I love the quote from George R.R. Martin in his book A Dance with Dragons. One of the characters says, “A reader lives a thousand lives before he dies. The man who never reads lives only one.” Someone else once told me that reading is an act of love. While reading we are listening to one man or woman’s story, thoughts, perspectives, hopes, dreams, fears, ideas, and anecdotes for hours on end. We let them have the floor. Theirs is the only voice we hear. And we don’t talk back. (Well, some of us do talk back to our books…just be careful doing that in public.) We surrender our right to be heard in order to truly listen to the other. We give them our full mental capacity and concentration. Many of us even experience the real world grow more distant as we follow the author into the world inside their head.

It breaks my heart to hear about people who never read. We’ve probably all seen the statistics. A very large percentage of the adult population never reads a book again after college. I would gather that a large percentage never even read a full book throughout their high school or college careers. What a shame.

Anyway, I refuse to be one of those people. Several years ago I set a goal for myself to read at least 2 books a month. I have kept that goal going every year since. Some years I have read way more than that. Other years, I’m barely at my quota. 2016 was not a big reading year for me. But I did manage to read more than 2 books per month. My wife puts me to shame on this, but she is a much faster reader than I am, so….yeah.

Here is a list of the books I read last year in order of completion. Some were great. Others not so much. A few were life-changing. Others were rather forgettable. Regardless, we become the sum total of the stories we experience.

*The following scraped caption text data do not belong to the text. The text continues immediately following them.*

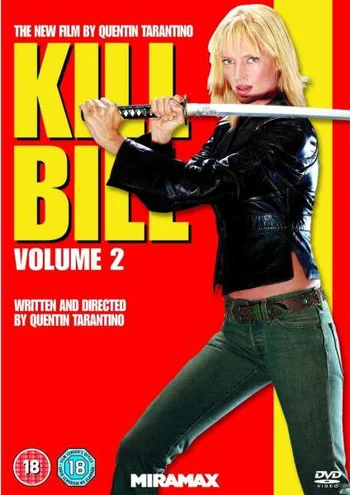 Kill Bill: Volume 2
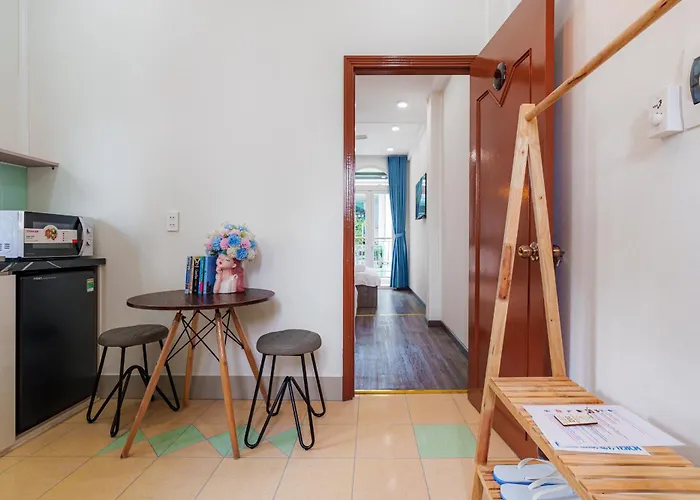 Co Chau Homestay
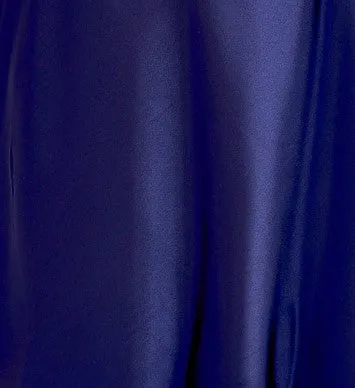 4511- Satin Short Kimono Robe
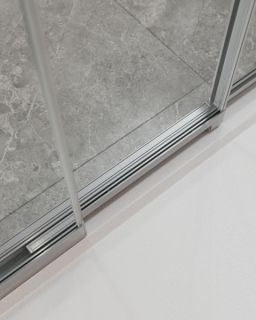 Душевой уголок CEZARES MOLVENO-AHF-31-100/80-C-CR-IV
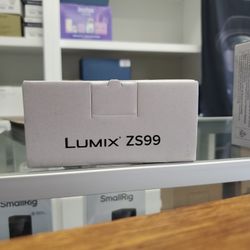 Lumix ZS99 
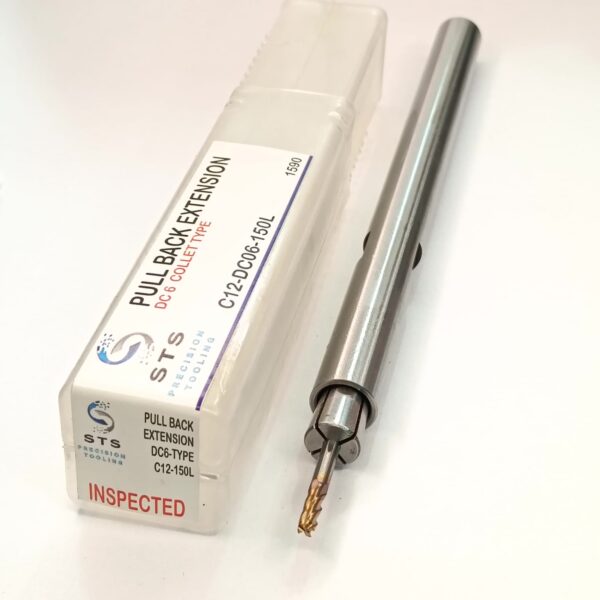 PULL BACK EXTENSION DC6-C12-150 - Image 2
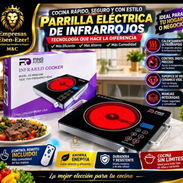 Cocina infrarrojo de 3500 w - Img 57830159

  1. The Day I Met Jesusby Frank Viola and Mary Demuth
  2. Man of Godby Charles Stanley
  3. How to Start a Riot, by Jonathan Storment
  4. More or Less, by Jeff Shinabarger
  5. God’s Pursuit of Man, by A.W. Tozer
  6. Magnus Chase: The Sword of Summer, by Rick Riordan
  7. Taking Theology to Youth Ministry, by Andrew Root
  8. Jesus > Religion, by Jefferson Bethke
  9. An Abundance of Katherines, by John Green
  10. King of Thorns, by Mark Lawrence
  11. Emperor of Thorns, by Mark Lawrence
  12. Searching for Sunday, by Rachel Held Evans
  13. All Is Grace: A Ragamuffin Memoir, by Brennan Manning
  14. Love Does, by Bob Goff
  15. Jesus Creed, by Scot McKnight
  16. Accidental Saints, by Nadia Bolz-Weber
  17. Paper Towns, by John Green
  18. A Farewell to Mars, by Brian Zahnd
  19. Deeply Odd, by Dean Koontz
  20. The Ranger’s Apprentice: The Ruins of Golan, by John Flanagan
  21. The Ranger’s Apprentice: The Burning Bridge, by John Flanagan
  22. Finding God in the Waves, by Mike McHargue
  23. Saint Odd, by Dean Koontz
  24. The Road Back to You, by Ian Cron and Suzanne Stabile
  25. Magnus Chase: Thor’s Hammer, by Rick Riodan
  26. The Trials of Apollo, by Rick Riordan
  27. Steal Like an Artist, by Austin Kleon
  28. The Deborah Club, by D.W. Pierce
  29. The Bible Tells Me So, by Peter Enns
So that’s my list. Looking back, I can remember where I was in life while reading these books – trips I was on, emotions I was wrestling with, how I was growing and changing as a person. When reading a book, a little bit of that author remains with you, becomes part of you – just like eating a meal.


Some books I look forward to reading (or am currently working on) this year: 

  • Water to Wine, by Brian Zahnd
  • God’s Favorite Place on Earth, by Frank Viola
  • How to Survive a Shipwreck, by Jonathan Martin
  • The Day the Revolution Began, by N.T. Wright
  • Present Over Perfect, by Shauna Niequist
  • In addition to reading the whole Bible in somewhat chronological order
What would you add to that list? What good books have you read that you would recommend?